Treatments that can help children and adults with Rett syndrome include:
Medications. Though medications can't cure Rett syndrome, they may help control some of the signs and symptoms associated with the disorder, such as seizures and muscle stiffness.
Physical and speech therapy. Physical therapy and the use of braces or casts can help children who have scoliosis. In some cases, physical therapy can also help maintain walking skills, balance and flexibility, while occupational therapy may improve purposeful use of the hands.

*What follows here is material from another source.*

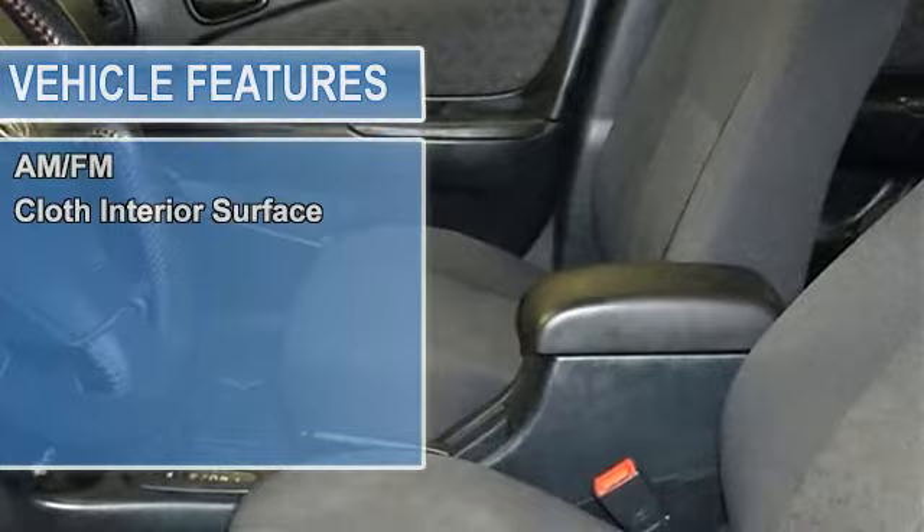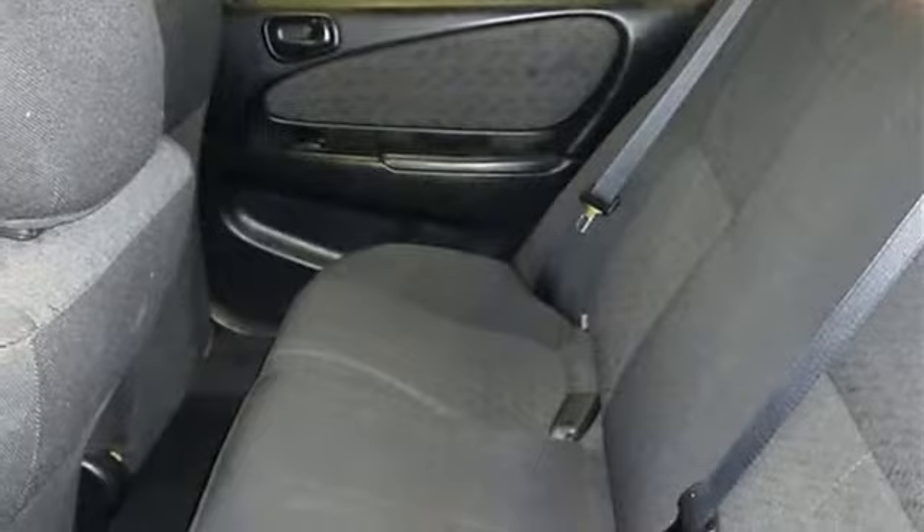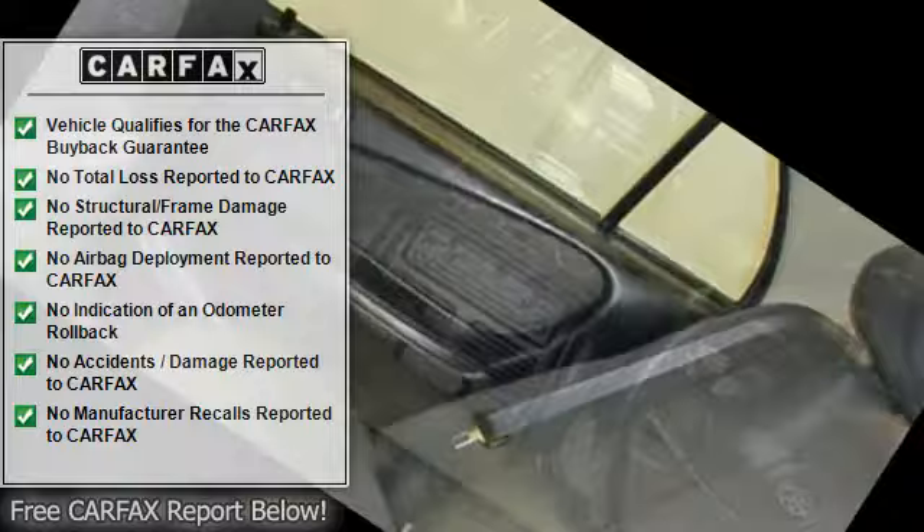Click now. Approximate original base sticker price: $13,600. Key features include child safety locks, bucket seats, and front disc rear drum brakes.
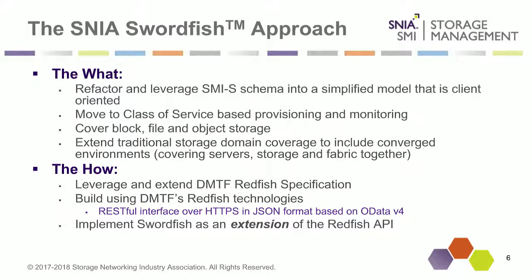The approach we took was to leverage a lot of the learnings we had from existing management standards. The existing management standard for anyone who's been around for many years is SMI-S. We took a lot of those learnings — not starting from scratch — but refactored and leveraged that into a much more simplified model, becoming more client-focused instead of vendor-centric. We also brought in a class-of-service-based provisioning and monitoring model, making something much more focused on a service-based approach.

If repetitive arm and hand movement is a problem, splints that restrict elbow or wrist motion may be helpful. Speech therapy can help improve a child's life by teaching nonverbal ways of communicating.
Nutritional support. Proper nutrition is extremely important for both normal growth and for improved mental and social abilities. Some children with Rett syndrome may need a high-calorie, well-balanced diet. Others may need to be fed through a tube placed in the nose (nasogastric tube) or directly in the stomach (gastrostomy).
Because Rett syndrome is a severe and incurable disorder, parents understandably search for treatments that will improve their child's symptoms and quality of life. Examples of alternative or complementary therapies that have been tried in children with Rett syndrome include:
Myofascial release, a massage therapy that helps loosen stiff muscles and joints
Animal-assisted therapy, such as using therapy dogs
Auditory integration training, which uses certain sound frequencies to treat speech and language problems
Hydrotherapy, which involves swimming or moving in water
There's not much evidence that these approaches are effective, though some parents who have used them report good results. If you think one (or more) of these therapies might help your child, ask your treatment provider about the possible benefits and how the approach might fit into the medical treatment plan.
Children with Rett syndrome need help with most daily tasks, such as eating, walking and using the bathroom. This constant care can be exhausting and stressful for families. To better cope with the challenge:
Find ways to relieve stress. It's natural to feel overwhelmed at times. Talk about your problems with a trusted friend or family member to help relieve your stress. Take some time for yourself doing something you like to recharge your battery.
Arrange for outside help. If you care for your child at home, seek the help of outside caregivers who can give you a break from time to time. Or you may consider residential care at some point, especially when your child becomes an adult.
Connect with others. Getting to know other families facing problems similar to yours can help you feel less alone. Look for online support and information from organizations such as the International Rett Syndrome Foundation.